(Dataset entries)
* * * *

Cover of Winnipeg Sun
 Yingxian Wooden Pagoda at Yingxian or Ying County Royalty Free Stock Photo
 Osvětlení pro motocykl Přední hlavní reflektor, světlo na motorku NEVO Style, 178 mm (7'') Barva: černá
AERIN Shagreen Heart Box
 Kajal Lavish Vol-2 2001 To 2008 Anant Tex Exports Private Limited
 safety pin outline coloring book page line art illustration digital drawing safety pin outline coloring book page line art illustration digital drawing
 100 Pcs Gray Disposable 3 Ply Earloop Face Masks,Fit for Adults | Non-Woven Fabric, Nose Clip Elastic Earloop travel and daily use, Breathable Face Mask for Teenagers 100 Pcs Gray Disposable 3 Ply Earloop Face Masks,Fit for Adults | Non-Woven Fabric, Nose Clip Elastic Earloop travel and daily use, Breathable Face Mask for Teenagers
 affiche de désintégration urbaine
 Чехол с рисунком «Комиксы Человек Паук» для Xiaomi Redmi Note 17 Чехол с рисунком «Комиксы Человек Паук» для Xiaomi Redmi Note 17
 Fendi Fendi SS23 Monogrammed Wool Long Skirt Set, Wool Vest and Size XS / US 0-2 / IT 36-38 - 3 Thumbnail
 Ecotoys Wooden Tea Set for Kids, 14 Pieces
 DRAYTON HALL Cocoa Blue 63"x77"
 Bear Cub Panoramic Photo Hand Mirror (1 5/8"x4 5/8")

* * * *

*Work to complete*. Each entry above should be output again, precisely as given.

*Answer space*.
Cover of Winnipeg Sun
 Yingxian Wooden Pagoda at Yingxian or Ying County Royalty Free Stock Photo
 Osvětlení pro motocykl Přední hlavní reflektor, světlo na motorku NEVO Style, 178 mm (7'') Barva: černá
AERIN Shagreen Heart Box
 Kajal Lavish Vol-2 2001 To 2008 Anant Tex Exports Private Limited
 safety pin outline coloring book page line art illustration digital drawing safety pin outline coloring book page line art illustration digital drawing
 100 Pcs Gray Disposable 3 Ply Earloop Face Masks,Fit for Adults | Non-Woven Fabric, Nose Clip Elastic Earloop travel and daily use, Breathable Face Mask for Teenagers 100 Pcs Gray Disposable 3 Ply Earloop Face Masks,Fit for Adults | Non-Woven Fabric, Nose Clip Elastic Earloop travel and daily use, Breathable Face Mask for Teenagers
 affiche de désintégration urbaine
 Чехол с рисунком «Комиксы Человек Паук» для Xiaomi Redmi Note 17 Чехол с рисунком «Комиксы Человек Паук» для Xiaomi Redmi Note 17
 Fendi Fendi SS23 Monogrammed Wool Long Skirt Set, Wool Vest and Size XS / US 0-2 / IT 36-38 - 3 Thumbnail
 Ecotoys Wooden Tea Set for Kids, 14 Pieces
 DRAYTON HALL Cocoa Blue 63"x77"
 Bear Cub Panoramic Photo Hand Mirror (1 5/8"x4 5/8")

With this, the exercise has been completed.